Che fine hanno fatto i sussidi ambientalmente dannosi? La loro abolizione è la promessa più ricorrente e meno mantenuta nei documenti di finanza pubblica. Il governo ha fatto un timido passo in occasione del decreto Sostegni ter, che ha cancellato tre sussidi (riduzione dell’accisa sul carburante impiegato nei trasporti ferroviari, defiscalizzazione della produzione di magnesio da acqua di mare e riduzione delle accise per le navi che fanno movimentazione dentro i porti). Totale: una manciata di milioni di euro. Mentre il catalogo pubblicato periodicamente dal ministero della Transizione ecologica conta sussidi per decine di miliardi. Sarebbe facile concludere con una filippica contro lo scarso coraggio dell’esecutivo. Ma, come molte arringhe facili e acchiappa-like, anche questa sarebbe sbagliata.
Intendiamoci: tra le tante distorsioni presenti nel nostro ordinamento tributario, molte hanno anche effetti sull’ambiente, incentivando l’utilizzo di tecnologie, processi o combustibili inquinanti e penalizzando quelli puliti. Quindi fare ordine è una manovra utile sia dal punto di vista economico sia ambientale. Solo che, per arrivare al risultato, bisogna prendere le mosse da una comprensione corretta del problema. Ed è proprio quello che manca. Il catalogo del Mite usa una definizione ampia e vaga di “sussidio”, sicché mette nel calderone anche scelte di natura fiscale che nulla hanno a che vedere col finanziamento di attività inquinanti. Il caso più clamoroso è quello del diverso trattamento fiscale di benzina e gasolio: poiché l’accisa sul diesel è inferiore a quella sulla benzina, il Mite considera questa differenza come un sussidio al gasolio. E, all’obiezione che con questo principio il sussidio potrebbe essere rimosso semplicemente tagliando l’accisa sulla benzina, ribatte che no, bisogna proprio alzare le tasse sul diesel. Tutto ciò accade a febbraio 2022, in piena crisi energetica e alla vigilia dell’invasione dell’Ucraina.

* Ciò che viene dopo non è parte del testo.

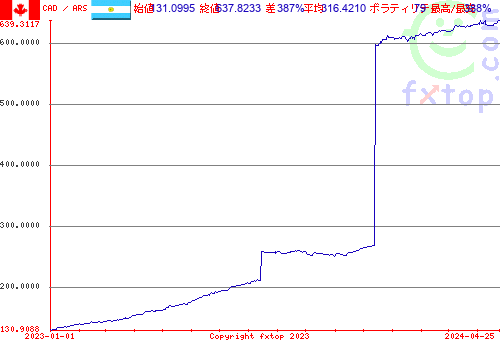 履歴グラフ、クリックすると拡大します。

Risultato: mentre il governo con la mano sinistra prometteva il taglio dei sussidi e chiedeva addirittura l’inasprimento della fiscalità sui carburanti, con la mano destra invece si muoveva in tutt’altra (e più ragionevole) direzione. Tagliando di 25 centesimi le accise su benzina e gasolio, e mantenendo immutata la distanza tra i due balzelli. Contemporaneamente, varava un piano senza precedenti di riduzione dei costi dell’energia a carico della fiscalità generale, che nell’arco di circa un anno (da maggio 2021 a maggio 2022) ha già assorbito o sta per assorbire circa 25 miliardi di euro. Si può essere favorevoli o scettici su questo approccio: noi dell’Ibl abbiamo già avuto modo di esprimere varie perplessità per la sua natura regressiva e perché attenua i segnali di prezzo legati alla crisi in essere.

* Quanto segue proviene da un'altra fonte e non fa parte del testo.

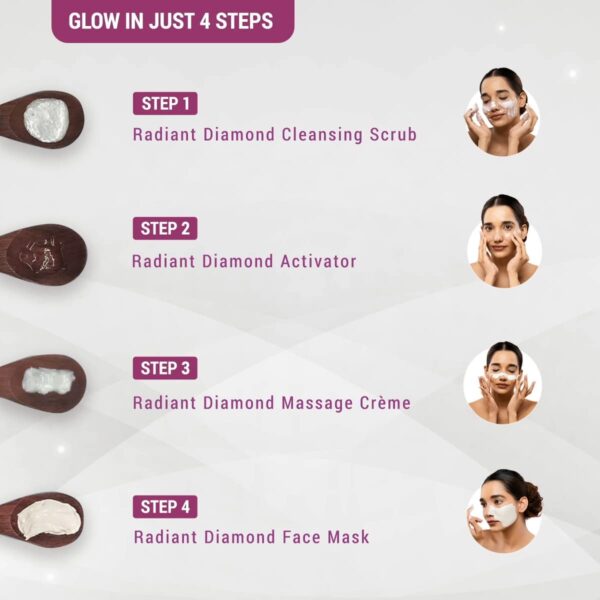 Lotus Herbals Cellular Radiance Radiant Diamond Facial Kit (Tube Pack) - Image 3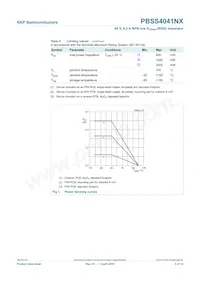 PBSS4041NX Datasheet Page 3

Ma è certamente bizzarro che la politica insista nella retorica del taglio dei sussidi ambientalmente dannosi, proprio mentre mette in atto la più grande campagna di sussidi ambientalmente dannosi (secondo la definizione del Mite) che si sia mai vista nella storia nazionale. Ed è una curiosa forma di bipensiero quella che ha spinto le Camere, all’atto di convertire questi decreti straripanti di sussidi, ad approvare contestualmente mozioni e ordini del giorno che impegnavano il governo (non ridete) a “proseguire (sic!) con la progressiva riduzione dei sussidi ambientalmente dannosi”. Anziché oscillare tra una retorica infondata e moralista e una prassi distorsiva, sarebbe meglio mettere a fuoco l’una e l’altra: definire in modo più sensato cosa è “sussidio” e perché è “ambientalmente dannoso” ed essere meno di manica larga nell’erogazione di aiuti e agevolazioni. Ne guadagnerebbero l’ambiente, l’erario e la qualità del dibattito pubblico.